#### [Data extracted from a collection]
------------------------
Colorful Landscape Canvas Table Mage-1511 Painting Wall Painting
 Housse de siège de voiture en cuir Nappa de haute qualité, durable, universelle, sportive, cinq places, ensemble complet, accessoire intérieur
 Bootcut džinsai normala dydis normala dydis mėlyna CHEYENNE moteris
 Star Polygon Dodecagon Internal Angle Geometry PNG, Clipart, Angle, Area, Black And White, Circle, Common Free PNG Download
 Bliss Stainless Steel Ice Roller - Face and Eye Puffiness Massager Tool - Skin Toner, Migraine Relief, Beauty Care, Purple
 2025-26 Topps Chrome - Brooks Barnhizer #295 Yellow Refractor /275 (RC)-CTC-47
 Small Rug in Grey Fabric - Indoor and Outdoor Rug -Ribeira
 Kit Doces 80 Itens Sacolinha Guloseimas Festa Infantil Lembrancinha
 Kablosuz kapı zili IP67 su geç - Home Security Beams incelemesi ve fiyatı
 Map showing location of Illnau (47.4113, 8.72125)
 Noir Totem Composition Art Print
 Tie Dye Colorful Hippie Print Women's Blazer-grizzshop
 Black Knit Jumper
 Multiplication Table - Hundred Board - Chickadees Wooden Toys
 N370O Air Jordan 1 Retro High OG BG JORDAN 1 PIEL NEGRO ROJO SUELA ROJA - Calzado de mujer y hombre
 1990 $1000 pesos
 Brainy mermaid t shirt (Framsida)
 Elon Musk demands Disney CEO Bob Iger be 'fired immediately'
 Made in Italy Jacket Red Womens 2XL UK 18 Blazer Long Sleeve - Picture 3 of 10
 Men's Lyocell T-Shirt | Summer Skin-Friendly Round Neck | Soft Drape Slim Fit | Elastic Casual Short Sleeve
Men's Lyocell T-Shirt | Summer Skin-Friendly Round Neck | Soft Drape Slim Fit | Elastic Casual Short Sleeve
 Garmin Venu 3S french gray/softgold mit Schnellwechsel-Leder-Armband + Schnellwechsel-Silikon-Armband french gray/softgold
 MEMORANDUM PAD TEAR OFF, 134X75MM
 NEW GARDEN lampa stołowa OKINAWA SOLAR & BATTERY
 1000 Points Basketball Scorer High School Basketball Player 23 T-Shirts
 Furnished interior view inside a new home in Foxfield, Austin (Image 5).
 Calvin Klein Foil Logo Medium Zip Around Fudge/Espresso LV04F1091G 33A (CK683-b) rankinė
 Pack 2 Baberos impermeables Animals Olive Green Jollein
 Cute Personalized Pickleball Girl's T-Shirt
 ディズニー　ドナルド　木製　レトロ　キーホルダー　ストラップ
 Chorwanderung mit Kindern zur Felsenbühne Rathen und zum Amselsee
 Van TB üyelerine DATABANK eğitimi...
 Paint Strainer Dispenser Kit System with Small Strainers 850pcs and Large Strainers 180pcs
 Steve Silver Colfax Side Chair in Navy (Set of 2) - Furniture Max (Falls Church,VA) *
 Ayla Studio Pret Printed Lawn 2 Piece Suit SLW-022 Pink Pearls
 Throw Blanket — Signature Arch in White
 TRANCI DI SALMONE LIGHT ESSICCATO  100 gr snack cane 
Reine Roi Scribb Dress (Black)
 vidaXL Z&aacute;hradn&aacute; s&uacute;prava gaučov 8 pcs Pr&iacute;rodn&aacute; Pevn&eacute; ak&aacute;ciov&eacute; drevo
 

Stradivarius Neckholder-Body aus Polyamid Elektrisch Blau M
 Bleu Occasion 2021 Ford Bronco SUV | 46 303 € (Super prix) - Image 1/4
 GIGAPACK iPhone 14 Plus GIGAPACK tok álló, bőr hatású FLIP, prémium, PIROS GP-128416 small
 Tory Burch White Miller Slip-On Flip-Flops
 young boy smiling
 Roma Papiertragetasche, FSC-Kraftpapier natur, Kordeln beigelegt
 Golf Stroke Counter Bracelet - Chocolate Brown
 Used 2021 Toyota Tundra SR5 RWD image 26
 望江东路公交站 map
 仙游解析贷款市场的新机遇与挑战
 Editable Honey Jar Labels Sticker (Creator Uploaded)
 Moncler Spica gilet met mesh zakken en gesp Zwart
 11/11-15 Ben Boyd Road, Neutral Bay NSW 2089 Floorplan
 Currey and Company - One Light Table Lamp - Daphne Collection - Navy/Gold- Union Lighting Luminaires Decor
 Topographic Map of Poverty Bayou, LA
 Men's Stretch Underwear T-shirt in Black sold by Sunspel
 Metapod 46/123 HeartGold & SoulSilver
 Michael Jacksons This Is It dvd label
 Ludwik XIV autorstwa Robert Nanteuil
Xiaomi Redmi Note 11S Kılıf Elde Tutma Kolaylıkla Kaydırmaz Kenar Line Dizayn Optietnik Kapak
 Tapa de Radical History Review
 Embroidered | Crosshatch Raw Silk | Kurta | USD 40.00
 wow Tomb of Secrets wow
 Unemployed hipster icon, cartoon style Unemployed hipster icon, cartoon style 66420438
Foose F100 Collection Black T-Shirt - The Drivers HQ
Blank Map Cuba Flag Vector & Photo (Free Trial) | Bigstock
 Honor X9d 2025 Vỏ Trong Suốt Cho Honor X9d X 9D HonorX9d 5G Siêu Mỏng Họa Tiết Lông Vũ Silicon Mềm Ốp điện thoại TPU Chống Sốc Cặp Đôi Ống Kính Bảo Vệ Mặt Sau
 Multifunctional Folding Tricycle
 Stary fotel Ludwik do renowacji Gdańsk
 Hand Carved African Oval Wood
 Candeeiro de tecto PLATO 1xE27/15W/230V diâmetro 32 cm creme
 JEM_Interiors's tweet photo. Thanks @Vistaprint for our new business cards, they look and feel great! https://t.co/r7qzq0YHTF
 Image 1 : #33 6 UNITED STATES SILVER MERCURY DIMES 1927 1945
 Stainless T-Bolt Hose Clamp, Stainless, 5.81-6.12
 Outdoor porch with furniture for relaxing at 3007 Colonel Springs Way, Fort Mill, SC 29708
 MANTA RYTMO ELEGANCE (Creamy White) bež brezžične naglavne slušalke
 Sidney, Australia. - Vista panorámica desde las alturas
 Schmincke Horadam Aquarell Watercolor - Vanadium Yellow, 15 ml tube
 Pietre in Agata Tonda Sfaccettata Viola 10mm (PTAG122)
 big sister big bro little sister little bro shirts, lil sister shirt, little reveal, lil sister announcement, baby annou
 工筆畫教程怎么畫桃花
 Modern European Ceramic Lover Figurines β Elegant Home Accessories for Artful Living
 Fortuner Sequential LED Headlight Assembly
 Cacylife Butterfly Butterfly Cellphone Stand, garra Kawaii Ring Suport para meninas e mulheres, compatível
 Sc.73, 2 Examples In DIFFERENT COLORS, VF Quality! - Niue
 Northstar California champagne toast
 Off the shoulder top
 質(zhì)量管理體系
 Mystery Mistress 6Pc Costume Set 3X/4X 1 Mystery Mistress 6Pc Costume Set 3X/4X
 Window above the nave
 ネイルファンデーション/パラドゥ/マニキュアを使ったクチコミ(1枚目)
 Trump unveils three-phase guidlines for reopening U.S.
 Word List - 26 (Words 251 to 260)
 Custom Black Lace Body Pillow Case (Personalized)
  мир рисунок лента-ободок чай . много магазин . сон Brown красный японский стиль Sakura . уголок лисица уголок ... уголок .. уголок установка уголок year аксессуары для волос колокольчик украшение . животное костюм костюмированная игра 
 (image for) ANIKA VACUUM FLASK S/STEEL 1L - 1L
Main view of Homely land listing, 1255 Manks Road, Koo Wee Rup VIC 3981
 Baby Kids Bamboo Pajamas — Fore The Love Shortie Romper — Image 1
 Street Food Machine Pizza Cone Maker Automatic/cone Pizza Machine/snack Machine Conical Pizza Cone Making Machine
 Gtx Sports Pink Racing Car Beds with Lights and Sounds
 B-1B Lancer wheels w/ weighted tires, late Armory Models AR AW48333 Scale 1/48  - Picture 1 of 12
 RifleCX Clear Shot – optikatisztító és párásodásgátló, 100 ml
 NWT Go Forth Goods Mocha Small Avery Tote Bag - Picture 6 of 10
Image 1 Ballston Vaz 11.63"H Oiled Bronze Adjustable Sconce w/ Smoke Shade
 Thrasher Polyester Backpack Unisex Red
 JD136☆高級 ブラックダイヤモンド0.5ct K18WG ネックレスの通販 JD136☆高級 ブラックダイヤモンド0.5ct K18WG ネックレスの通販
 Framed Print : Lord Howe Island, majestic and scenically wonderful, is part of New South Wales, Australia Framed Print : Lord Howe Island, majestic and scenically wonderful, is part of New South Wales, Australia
------------------------
#### [ABOUT THIS TASK]
What is needed is an exact copy of the entries from their first line down to the line with "Multiplication Table - Hundred", that line included, and nothing beyond it.

#### [ANSWER SECTION]
Colorful Landscape Canvas Table Mage-1511 Painting Wall Painting
 Housse de siège de voiture en cuir Nappa de haute qualité, durable, universelle, sportive, cinq places, ensemble complet, accessoire intérieur
 Bootcut džinsai normala dydis normala dydis mėlyna CHEYENNE moteris
 Star Polygon Dodecagon Internal Angle Geometry PNG, Clipart, Angle, Area, Black And White, Circle, Common Free PNG Download
 Bliss Stainless Steel Ice Roller - Face and Eye Puffiness Massager Tool - Skin Toner, Migraine Relief, Beauty Care, Purple
 2025-26 Topps Chrome - Brooks Barnhizer #295 Yellow Refractor /275 (RC)-CTC-47
 Small Rug in Grey Fabric - Indoor and Outdoor Rug -Ribeira
 Kit Doces 80 Itens Sacolinha Guloseimas Festa Infantil Lembrancinha
 Kablosuz kapı zili IP67 su geç - Home Security Beams incelemesi ve fiyatı
 Map showing location of Illnau (47.4113, 8.72125)
 Noir Totem Composition Art Print
 Tie Dye Colorful Hippie Print Women's Blazer-grizzshop
 Black Knit Jumper
 Multiplication Table - Hundred Board - Chickadees Wooden Toys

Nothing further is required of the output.